Tesi etd-03292016-102901


Tipo di tesi
Tesi di laurea magistrale LM5
Autore
TASCIONE, BENEDETTA
URN
etd-03292016-102901
Titolo
Madre e Detenuta Le problematiche della carcerazione femminile
Dipartimento
GIURISPRUDENZA
Corso di studi
GIURISPRUDENZA
Relatori
relatore Prof. Bresciani, Luca
Parole chiave
  • carcere
  • madre
  • detenuta
Data inizio appello
18/04/2016
Consultabilità
Completa
Riassunto
Nell’ambito dell’universo carcerario, che per definizione è chiuso e impermeabile, la condizione specifica delle detenute era quasi del tutto ignota. Erano pochissimi i fatti noti: si sapeva che le donne erano, e sono, recluse in carceri pensati per i detenuti di sesso maschile, era noto che, oltre le poche carceri femminili, le donne erano e sono sparse nelle sezioni femminili ricavate nelle strutture maschili come tante costole di Adamo. Infine era già noto il delicato problema delle detenute con i figli.

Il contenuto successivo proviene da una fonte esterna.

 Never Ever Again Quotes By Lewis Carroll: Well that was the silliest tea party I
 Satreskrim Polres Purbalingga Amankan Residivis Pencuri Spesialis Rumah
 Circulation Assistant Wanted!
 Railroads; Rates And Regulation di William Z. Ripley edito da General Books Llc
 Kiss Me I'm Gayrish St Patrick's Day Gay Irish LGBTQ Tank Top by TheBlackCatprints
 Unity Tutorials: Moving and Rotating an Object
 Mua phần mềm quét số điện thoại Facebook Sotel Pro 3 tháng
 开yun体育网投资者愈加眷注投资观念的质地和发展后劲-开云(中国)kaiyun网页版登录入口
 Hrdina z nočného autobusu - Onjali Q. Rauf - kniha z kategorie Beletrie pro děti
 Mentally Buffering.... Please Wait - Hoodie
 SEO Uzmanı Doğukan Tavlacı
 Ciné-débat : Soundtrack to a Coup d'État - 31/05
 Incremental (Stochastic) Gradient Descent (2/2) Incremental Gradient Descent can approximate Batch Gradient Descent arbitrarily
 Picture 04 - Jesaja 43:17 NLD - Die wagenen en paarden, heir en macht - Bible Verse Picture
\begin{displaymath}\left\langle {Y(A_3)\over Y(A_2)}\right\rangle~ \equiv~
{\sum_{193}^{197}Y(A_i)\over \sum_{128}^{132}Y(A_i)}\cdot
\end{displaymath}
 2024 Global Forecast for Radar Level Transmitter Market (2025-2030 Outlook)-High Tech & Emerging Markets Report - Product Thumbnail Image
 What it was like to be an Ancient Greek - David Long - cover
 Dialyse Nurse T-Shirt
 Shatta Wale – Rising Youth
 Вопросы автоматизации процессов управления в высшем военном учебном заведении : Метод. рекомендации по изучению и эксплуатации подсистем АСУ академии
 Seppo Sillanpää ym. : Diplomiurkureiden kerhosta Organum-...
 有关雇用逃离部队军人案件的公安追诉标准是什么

In primo luogo è stato necessario analizzare lo sviluppo della devianza femminile nel corso degli anni. Da ciò sono emerse varie teorie che tentano di giustificare il minor numero di detenute di sesso femminile rispetto al genere maschile. Tuttavia, della minor incidenza statistica della criminalità femminile sono state fornite diverse chiavi interpretative: nessuna delle quali, però, si è rivelata pienamente soddisfacente.
Conseguentemente si è analizzato il profilo specifico della detenuta madre sottolineando l’assoluta povertà di risorse ad esse offerte per non compromettere da un lato, il rapporto genitoriale, e dall’altro lo sviluppo psico-fisico del bambino.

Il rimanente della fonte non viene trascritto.